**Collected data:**
········
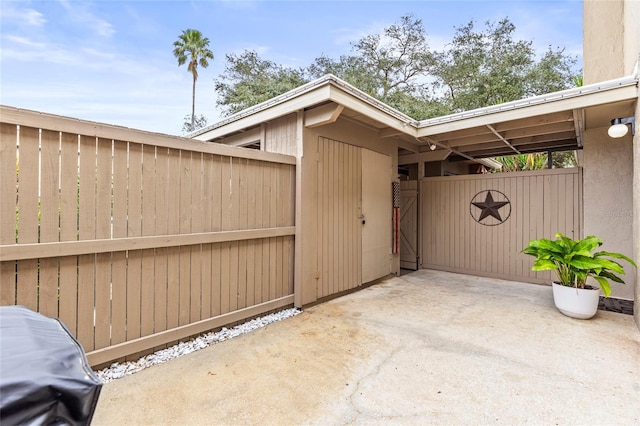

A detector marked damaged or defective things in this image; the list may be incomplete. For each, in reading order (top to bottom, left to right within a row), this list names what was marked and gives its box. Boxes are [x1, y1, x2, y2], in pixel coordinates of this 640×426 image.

rusted star emblem [470, 191, 510, 226]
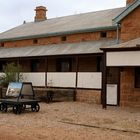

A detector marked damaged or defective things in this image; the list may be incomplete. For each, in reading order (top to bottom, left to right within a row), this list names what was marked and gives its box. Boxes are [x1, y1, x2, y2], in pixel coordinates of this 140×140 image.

rusted metal roof [0, 38, 116, 58]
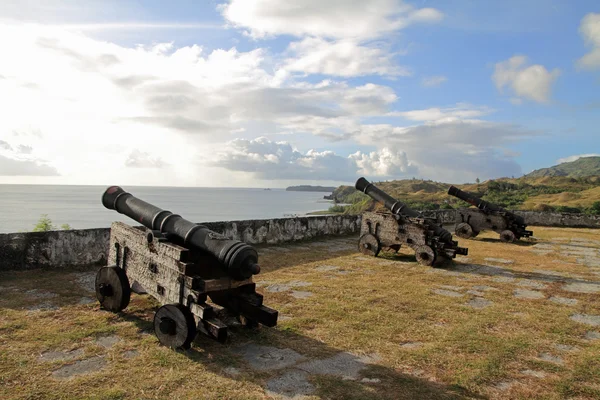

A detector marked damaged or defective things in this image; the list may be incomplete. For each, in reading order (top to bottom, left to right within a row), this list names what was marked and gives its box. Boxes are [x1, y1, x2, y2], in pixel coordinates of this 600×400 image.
········
**WHAT IS REQUIRED:** Every word of the data should be reproduced exactly; please omit any pictures.

**SOLUTION:**
A detector marked damaged or defective things in this image; the list may be incomplete. For each, in reading order (top to bottom, left to right within a row), this list names what was marked and gives its box. Boxes are [x1, y1, x2, y2], in pixel coordinates of this 640×426 image.

rusted star emblem [470, 191, 510, 226]

A detector marked damaged or defective things in this image; the list may be incomplete. For each, in reading order (top to bottom, left to right within a row), this list names what was marked and gives its box. Boxes are [x1, y1, x2, y2], in pixel coordinates of this 140×140 image.

rusted metal roof [0, 38, 116, 58]

A detector marked damaged or defective things in this image; the list may be incomplete. For each, in reading order (top to bottom, left to right within a row), this list names what was marked and gives its box. Boxes are [x1, y1, x2, y2], in pixel coordinates of this 600×400 image.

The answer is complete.